Kenangan Manis
Suatu sore yang hangat, berada di halaman depan rumah nenek, aku menghirup suhu teh melati yang baru saja aku seduh. Angin sepoi-sepoi membawa kenangan masa lampau yang terpampang di kepala—kenangan masa kecil yang terlena dalam senyum dan tawa
Aku ingat betapa kami dan sepupu-sepupuku tercinta gempar bermain di halaman belakang, petak umpet pagian, diam di luar fakta matahari sudah terbenam. Nenek selalu mempersiapkan camilan kesukaan kami, pisang goreng manis dan teh. Kami biasanya duduk-melingkar di meja ruang tamu dari lantai kayu, mendengarkan nenek menjelaskan cerita lama sembari segar.

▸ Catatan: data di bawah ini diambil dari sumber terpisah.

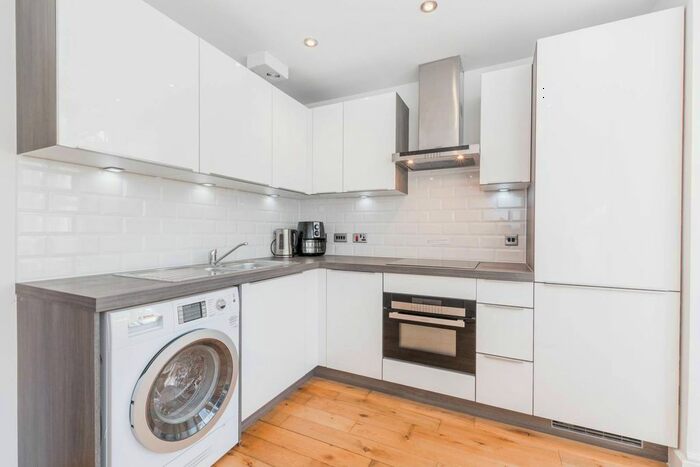 1 Bedroom Flat To Rent In Church Hill, Walthamstow Village, London, E17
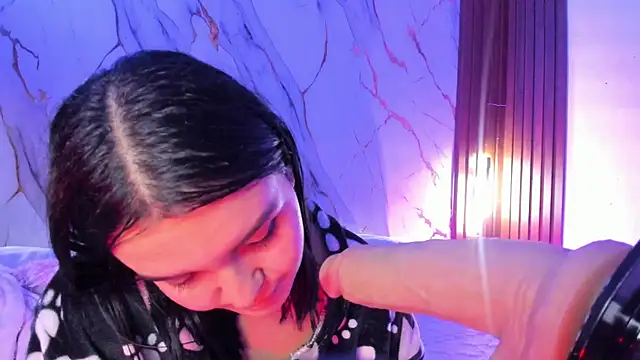 alicecute77 online show from July 2026 07:23:02 AM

Salah satu kenangan yang paling nampak ketika aku les renang sendiri. Ayah selalu berlari di belakangku dan menggenggam kursi, “jangan takut si kecil, kamu pasti bisa!” “ epak,” sebelum aku berhasil mengayuh sepeda, mataku membayang ke belakang dan ayah sedang dihampiri dengan senyum bangga pasti.
Waktu yang berlalu dan sekarang segalanya berbeda. Tetapi, saat aku menyeruput teh melati atau mencium aroma pisang goreng, mataku serasa terasa kenangan manis itu beredar—hangat, akrab, dan tak akan pernah pudar.